Besides its more conventional role, taking production of the range of dry mortar mix products from 7 tonnes to 100 000 tonnes a year, the Lafarge Cement Zimbabwe plant is capable of producing mortar for Lafarge’s new technology, what it calls 3D Printing, which will increase the speed of construction by up to 70% as compared to conventional methods while costs would go down by 40%.

Through this technology, a house can be constructed in 12 hours. The 3D printer is expected in the third quarter of the year through a subsidiary of LafargeHolcim called 14 Trees.

According to president Mnangagwa, this will have far reaching impact on the attainment of targets set out in National Development Strategy 1 with regards to community based infrastructure development under devolution. “The construction of housing units, modernisation and upgrading of our ports of entry and other social service infrastructure will also be timely completed,” he said.

The plant would also see an increase in the production of tile adhesives, floor solutions, plasters, water proofing solution and agriculture lime among others with an annual capacity of 100 000 tonnes but expected to peak at 150 000 tonnes.

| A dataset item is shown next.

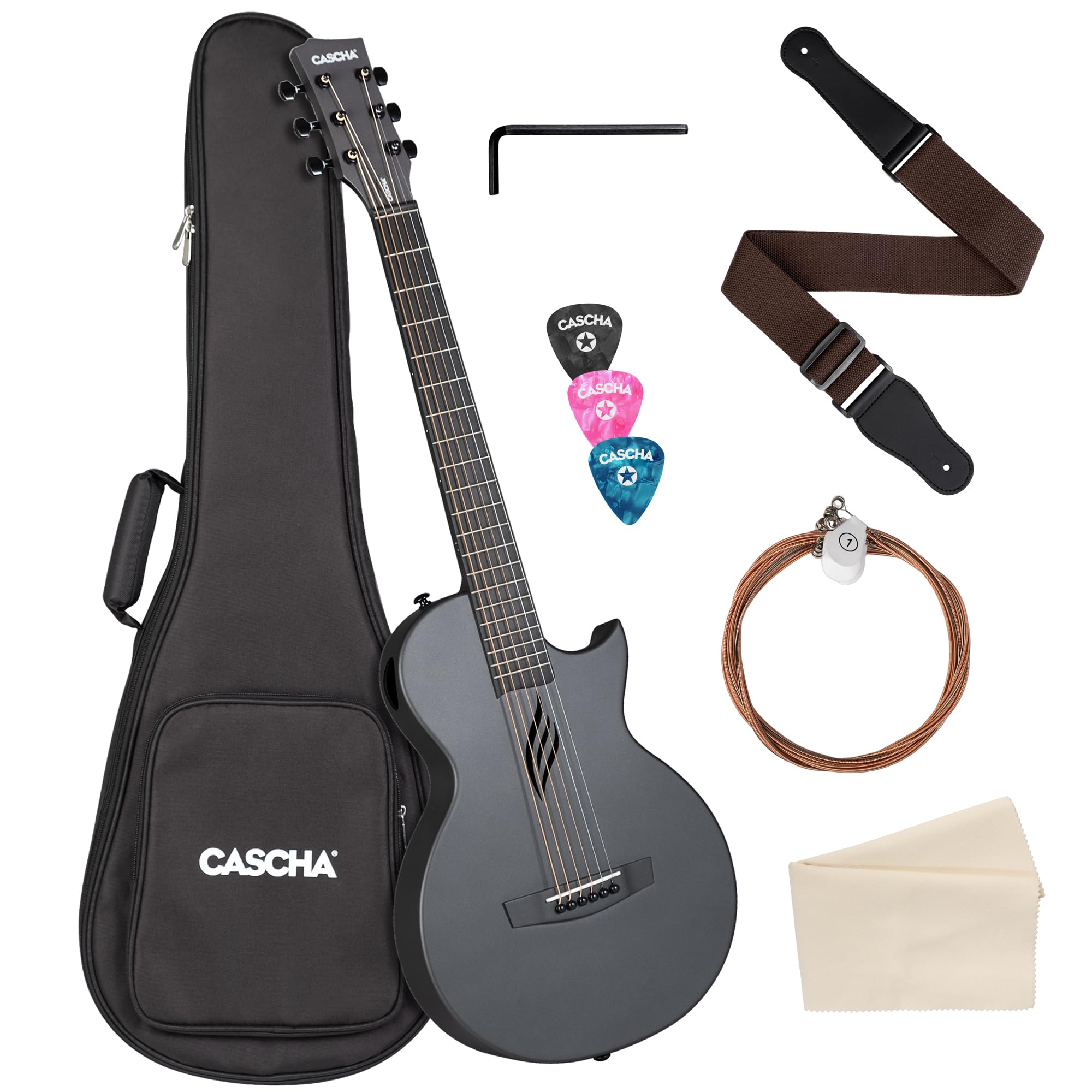 Cascha Kit de guitare pour débutant - En fibre de carbone noir - Guitare acoustique électrique à pan coupé - En fibre de carbone - Pour enfants et adultes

Lafarge describes the technology as: 3D printing is the moulding of a structure by precisely placing volumes of material in sequential layers on top of each other, constructing from the ground up. The material is pushed through a nozzle which regulates flow and is guided by computer-controlled positioning process. The material used in the process is cement based with sand and specially designed admixtures as additives.